Managers will not entertain talk of hoodoos.

“They don’t exist”, “It’s just coincidence”, “the past is the past” are the sort of responses you get when informing the boss that his team has a lousy record at such-and-such a ground.

For all they might complain bitterly about such nonsense, it’s a fact that some clubs could not buy a win at certain locations.

This writer does not wish to put the skids on Sunderland, but Stoke and the Stadium of Light do not go arm in arm together like Morecambe & Wise, The Two Ronnies or Dempsey & Makepeace.

Come to think of it, Dempsey & Makepeace were on our TV screens the last time the Potters won on Wearside in the league (though they did win a League Cup tie a couple of years ago).

Stoke don’t like it up here, not one bit, so the Black Cats must get on the front foot (just as they did against Leicester).

The home support (so passionate against Liverpool) can play their part too – make some noise, get on Stoke’s backs and remind them why they are not lovers of this wonderful part of the area.

Get the set-pieces right:

Those who sat through the bore draw with Burnley and then, even more courageously, made it through this reporter’s post-match ramblings will know the corner against the Clarets were not exactly top drawer.

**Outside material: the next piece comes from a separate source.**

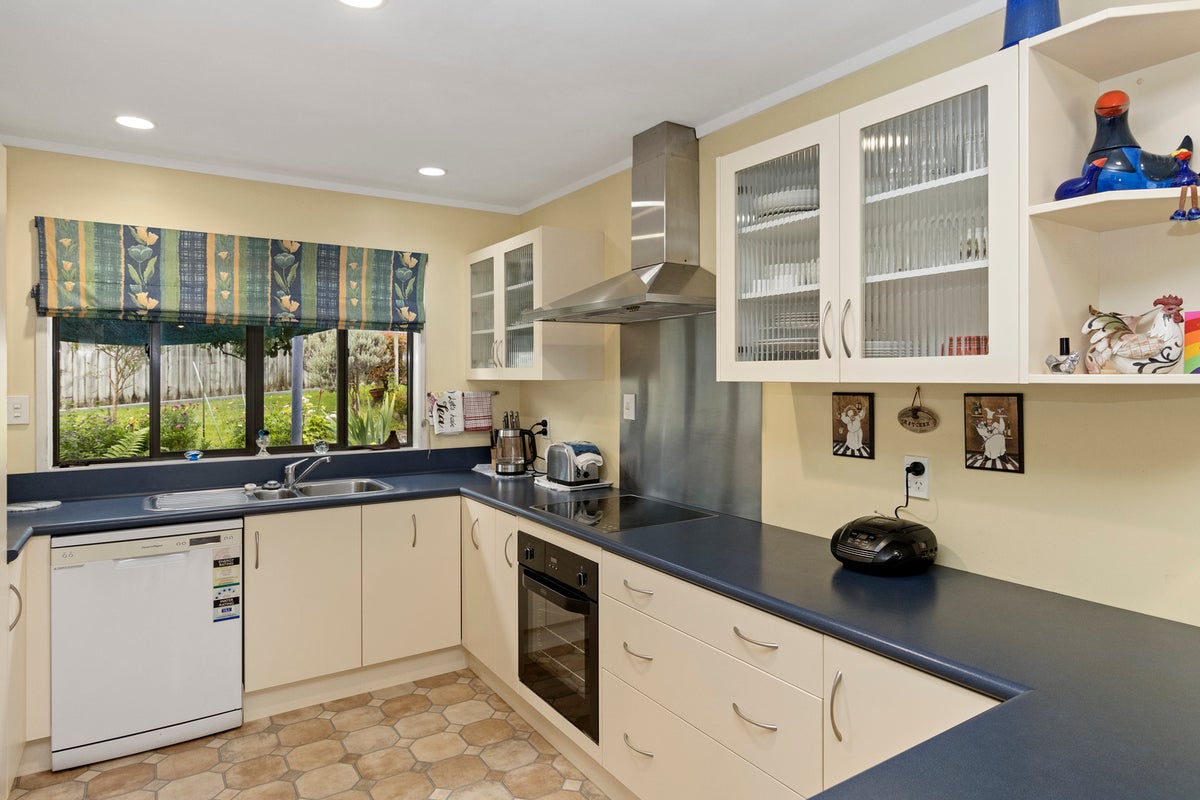 37 Blomfield Street, Nawton, Hamilton - Carousel 1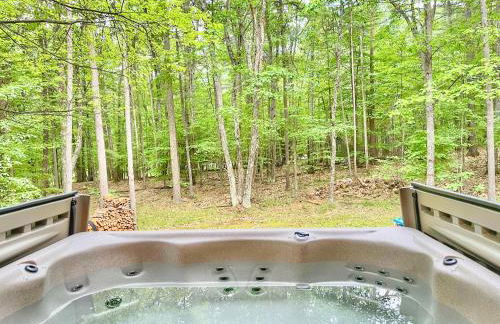 Adirondack Mountain Cabin with Hot Tub, Near Whiteface, Lake Placid, Fire Pit, Game Rm - Foto 34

On days when chances may not exactly be flowing, having seven opportunities to put the ball into the opposition box is not a figure to be sniffed at.

Seb Larsson usually shows a bit of quality from a dead ball, his free-kick even brought the late penalty which gave Sunderland a draw with Liverpool.

He was a little off-colour last week, though the Black Cats seemed reluctant to put the ball into the mix.

Get the ball in, lads, against a side who have leaked a few times on the road.

Admittedly, Stoke’s last three awaydays have been at Arsenal, Liverpool and Chelsea, so three heavy defeats at title contenders is hardly a shock.

But if they are put under pressure, they can creak and they hold top spot in the OG department, conceding three past their own keeper, further evidence on that subject.